JL: Porquê a ficção científica? O que te interessou explorar dentro e fora das convenções do género?
Carlos Amaral: Apesar de gostar muito do género, são poucos os filmes de ficção científica de que realmente gosto. A maior parte foca-se na tecnologia, às vezes com construções de mundos interessantes, mas ignoram temas mais complexos. E sendo um género caro de produzir, geralmente vem de Hollywood e com resultados que não passam do pop. Gosto da ideia de “poder espreitar o futuro” ou realidade alternativa, mas interessam-me acima de tudo as questões humanistas e a psicologia das personagens quando sujeitas a algum contexto que é uma idealização do que poderá ser o nosso futuro. É um exercício fascinante. Além disso, gosto muito da construção de um universo cinematográfico futurista, gosto de tecnologia, mas creio que não é isso que explorei. A tecnologia no meu filme é só um pretexto para colocar as personagens sozinhas num sítio onde não querem estar, à procura de um propósito existencial.

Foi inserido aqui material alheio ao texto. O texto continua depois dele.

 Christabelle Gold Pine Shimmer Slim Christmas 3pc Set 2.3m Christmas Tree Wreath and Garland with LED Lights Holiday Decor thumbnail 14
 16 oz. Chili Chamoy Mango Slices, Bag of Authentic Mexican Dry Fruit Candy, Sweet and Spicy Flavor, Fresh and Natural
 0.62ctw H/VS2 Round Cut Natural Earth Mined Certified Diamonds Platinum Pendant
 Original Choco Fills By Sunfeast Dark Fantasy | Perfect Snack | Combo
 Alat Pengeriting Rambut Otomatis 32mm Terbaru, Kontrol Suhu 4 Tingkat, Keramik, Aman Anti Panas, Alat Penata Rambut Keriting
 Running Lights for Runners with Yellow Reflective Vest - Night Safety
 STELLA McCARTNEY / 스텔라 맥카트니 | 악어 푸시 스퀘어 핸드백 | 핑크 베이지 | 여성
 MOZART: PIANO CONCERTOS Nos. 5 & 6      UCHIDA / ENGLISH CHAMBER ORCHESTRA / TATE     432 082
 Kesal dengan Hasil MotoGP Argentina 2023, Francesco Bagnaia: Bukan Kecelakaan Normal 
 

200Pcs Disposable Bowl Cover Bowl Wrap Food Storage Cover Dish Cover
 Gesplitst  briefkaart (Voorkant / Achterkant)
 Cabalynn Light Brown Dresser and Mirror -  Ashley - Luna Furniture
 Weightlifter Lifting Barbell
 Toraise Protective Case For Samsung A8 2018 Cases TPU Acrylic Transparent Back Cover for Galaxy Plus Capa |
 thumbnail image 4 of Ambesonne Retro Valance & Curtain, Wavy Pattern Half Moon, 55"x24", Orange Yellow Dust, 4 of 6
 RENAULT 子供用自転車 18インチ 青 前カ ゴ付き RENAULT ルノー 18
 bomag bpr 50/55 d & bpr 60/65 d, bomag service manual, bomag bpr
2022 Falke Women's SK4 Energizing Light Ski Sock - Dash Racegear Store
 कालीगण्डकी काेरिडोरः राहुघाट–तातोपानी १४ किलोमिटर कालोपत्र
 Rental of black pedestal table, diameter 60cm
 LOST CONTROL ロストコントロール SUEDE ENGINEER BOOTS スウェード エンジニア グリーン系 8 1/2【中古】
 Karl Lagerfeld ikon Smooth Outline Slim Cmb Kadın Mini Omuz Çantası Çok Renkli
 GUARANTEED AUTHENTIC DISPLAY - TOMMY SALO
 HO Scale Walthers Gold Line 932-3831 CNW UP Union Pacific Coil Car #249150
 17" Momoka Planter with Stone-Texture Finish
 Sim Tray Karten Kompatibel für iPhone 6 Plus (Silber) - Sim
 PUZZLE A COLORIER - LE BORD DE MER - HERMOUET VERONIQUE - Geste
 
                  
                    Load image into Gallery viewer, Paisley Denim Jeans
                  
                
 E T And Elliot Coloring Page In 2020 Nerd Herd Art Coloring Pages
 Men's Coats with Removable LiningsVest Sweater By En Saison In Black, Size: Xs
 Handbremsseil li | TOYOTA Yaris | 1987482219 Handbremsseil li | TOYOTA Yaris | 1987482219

Esteticamente o filme é muito interessante. Qual foi a tua maior preocupação em termos de conceito visual e áudio?
Adoro cinematografia, adoro filmes visuais e adoro quando a banda sonora consegue elevar uma cena acima do que ela tenta contar. Também gosto de filmes realistas, carregados de drama, mas quando imaginei o Mar Infinito, há 10 anos, creio que ainda não tinha maturidade para abordar drama contemporâneo. Portanto a ideia sempre foi fazer um filme visual, com uma narrativa não linear, que passasse como um sonho e que pudesse ser pensado na montagem. Muitas das escolhas estéticas são fruto das condições de produção cruzadas com as ideias do filme: sabia que teria pouco tempo para filmar, por isso trabalhamos a partir de master shots com toda a cena e só cortamos quando era estritamente necessário. Isto não só permitia dar mais espaço ao plano, ajudando à noção de vazio como me deu oportunidade a mim, como artista de VFX, de adicionar e retirar elementos nestes planos que pontuaram a história com pequenos elementos sci-fi, tentando nunca me perder no excesso. A música foi composta pelo Miguel Santos, que conseguiu criar ambiências que por vezes comunicam melhor que os diálogos. O trabalho de áudio foi muito suportado pela música, somando o desafio de recriar uma cidade vazia, mesmo um outro planeta.
Abordas uma realidade distópica, à mercê de muitas metáforas. Inspiraste-te especificamente em alguns autores?
Este filme é em parte sobre emigrar, não para sobreviver, mas para encontrar um objetivo. Inspirei-me nas dezenas de amigos que vi partir desde 2008, não porque estivessem em perigo, ou risco de não sobreviver, mas porque simplesmente não viam futuro em Portugal e acreditavam que esse futuro poderia estar fora — o que creio ter sido verdade para alguns, mas não para muitos. Carl Sagan é uma inspiração óbvia, dado que ele era um sonhador, o título é tirado de uma frase dele… No entanto ele era otimista, eu não sou. Creio que o filme que mais me inspirou pouco tem a ver com o meu, mas quando vi o Upstream Color (Cores do destino), de Shane Carruth, percebi como iria fazer este filme. É também um filme que aborda algo que se passa dentro das personagens e ignora a tecnologia e o enredo em favor de uma forte poética visual, metafórica. No meu filme a água é a maior metáfora, é o início da vida, é dentro dela que sonham, é da água que ele tem medo, mas é na água que viaja, é o que cobre o planeta para onde deseja ir. Portanto é simultaneamente o objeto de desejo e o que impede de chegar onde quer.